June 2, 2019

In her salon-style presentation, Dr. Petty discusses the filmmaking legacy of Camille Billops and James Hatch. This event kicks off a joint programming relationship between Millennium Arts Salon and The Atlas Performing Arts Center. The evening includes a screening of the award-winning Hatch–Billops film Finding Christa and clips of another award winner, Suzanne, Suzanne.

 

About the film: Finding Christa

In 1961, Camille Billops made a painful decision: to put her four-year-old daughter, Christa, up for adoption. In Finding Christa, Billops is both filmmaker and subject as she tells the story of their separation and ultimate reconciliation.

 

About the film: Suzanne, Suzanne

This poignant documentary profiles a young black woman’s struggle to confront the legacy of a physically abusive father and her headlong flight into drug abuse. Suzanne, after years of physical and psychological abuse, is compelled to understand her father’s violence and her mother’s passive complicity, who suffered at her husband’s hands as well, as the keys to her own self-destruction.
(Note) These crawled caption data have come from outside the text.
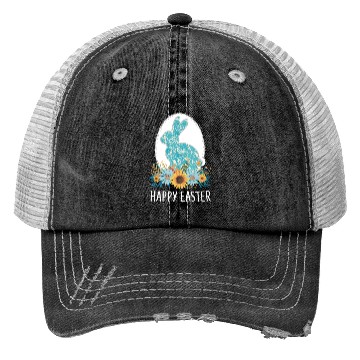 Discover Happy Easter Day Bunny Eggs Hunter Squad Flower Trucker Hats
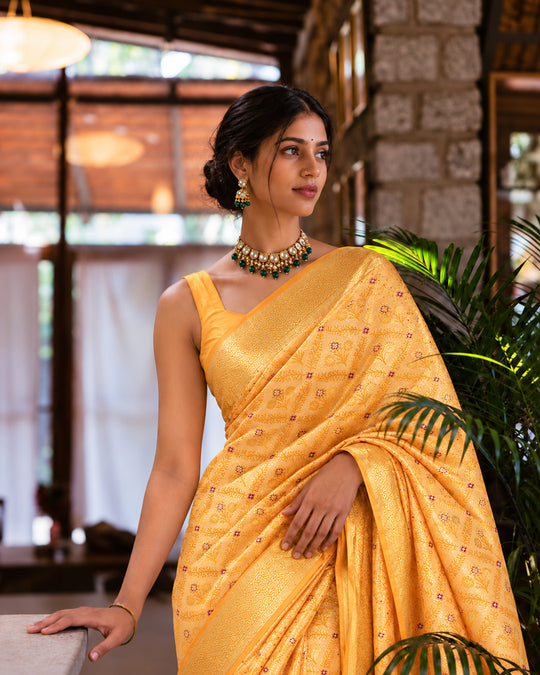 Mustard Pure Katan Saree with Floral Jaal Weaving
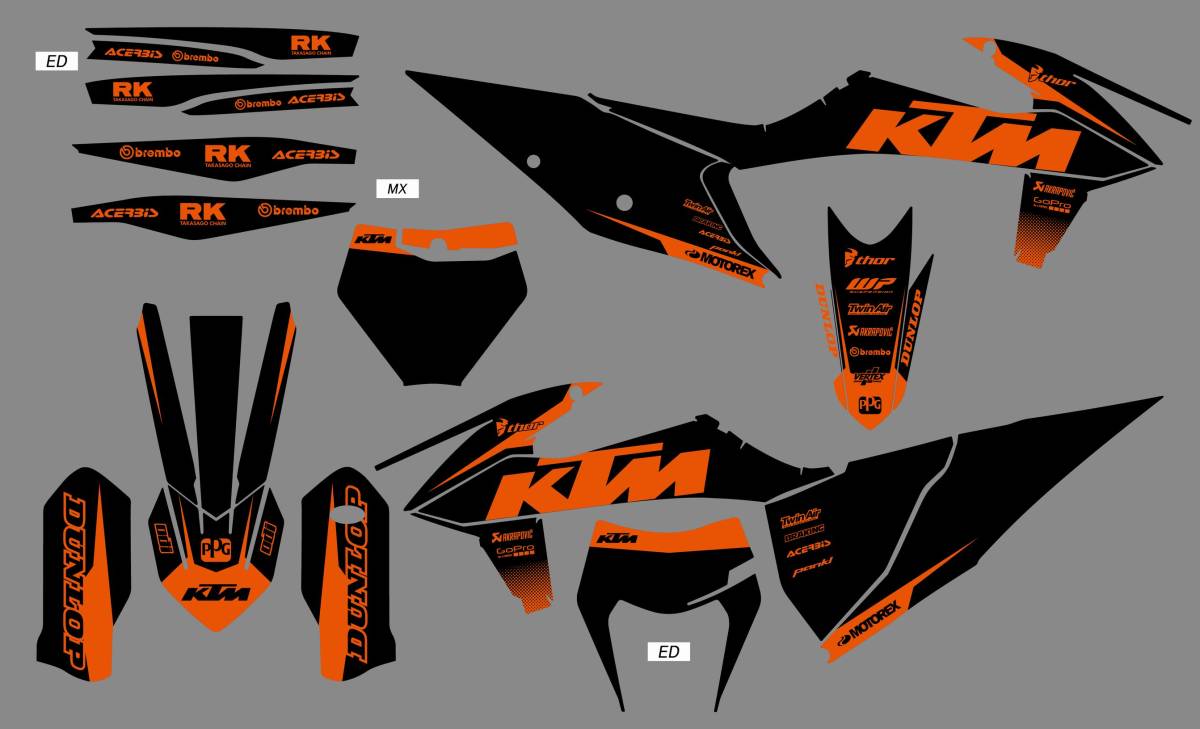 2019-2023 KTM SX SXF XC XC-W EXC EXC-F カスタム デカール グラフィック キット C5_画像1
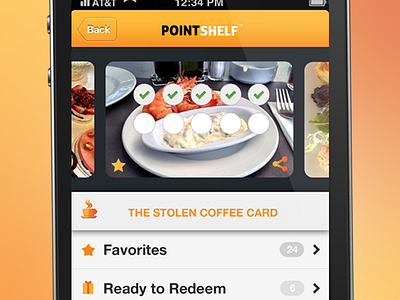 Pointshelf iOS cards dashboard interface ios iphone app ui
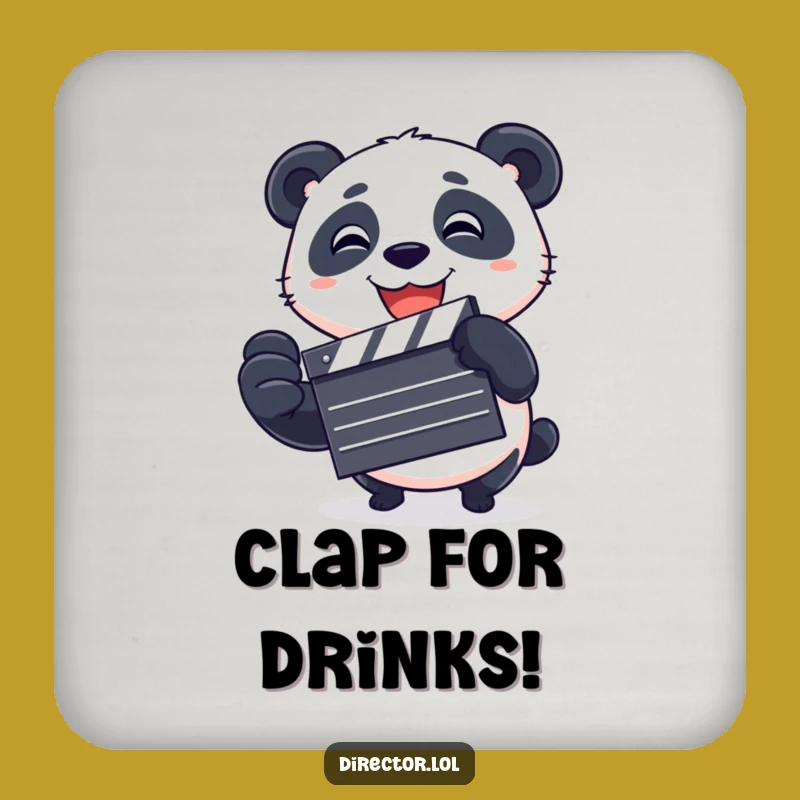 Funny Panda Clapboard Drink Coasters: Protect Surfaces with Playful Cinematic Style!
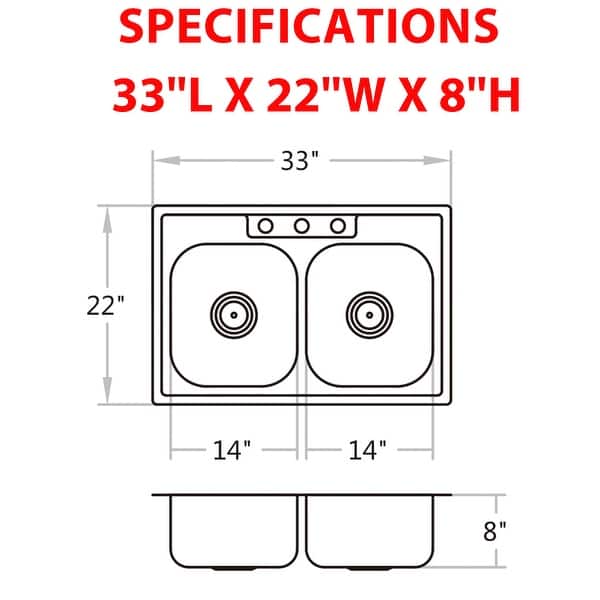 33'' x 22'' PRO Classic Drop in Double Bowl Kitchen Sink,Top Mount 50/50 Stainless Steel Kitchen Sink with Three Faucet Hole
After years of silence, Suzanne and her mother are finally able to share their painful experiences with each other in an intensely moving moment of truth.

About Dr. Miriam Petty

Dr. Miriam Petty earned her PhD from Emory University’s Graduate Institute of the Liberal Arts and previously taught at Rutgers University in Newark, NJ and Princeton University in Princeton, NJ.  Her first book, Stealing the Show: African American Performers and Audiences in 1930s Hollywood (University of California Press, 2016) seeks to perform a recalibration of studio-era Hollywood, by seriously considering the question of film stardom for black performers of this period; could these actors, primarily appearing in marginal roles, be “movie stars?” If so, what did their stardom look like, how did it function, and to whom did it speak? Petty’s book mobilizes a quintet of the 1930s “protostars” as case studies, mapping the complex contours of their onscreen performances and off-screen personae. The study also pays copious attention to the viewing practices of Black audiences, and to the politics and possibilities of Black spectatorship during this pivotal moment in early 20th century cinema history. Stealing the Show won the Society for Cinema and Media Studies Best First Book Award 2017, and was shortlisted for the Krasna-Krausz Foundation’s 2017 Best Moving Image Book Award.
An academic with a longstanding commitment to public scholarship, Professor Petty is also an avid producer of public programs; her recent projects include the 2012 symposium Madea’s Big Scholarly Roundtable: Perspectives on the Media of Tyler Perry at Northwestern University and the 2014 film retrospective Mama and Papa Lala: 30 Years of Hatch-Billops Films at Emory University.
She is currently at work on a book manuscript examining media mogul Tyler Perry’s stardom, his stage and screen productions, and his African American audiences’ nostalgic investments in such Black cultural forms as folktales, music, literature, and religious practice.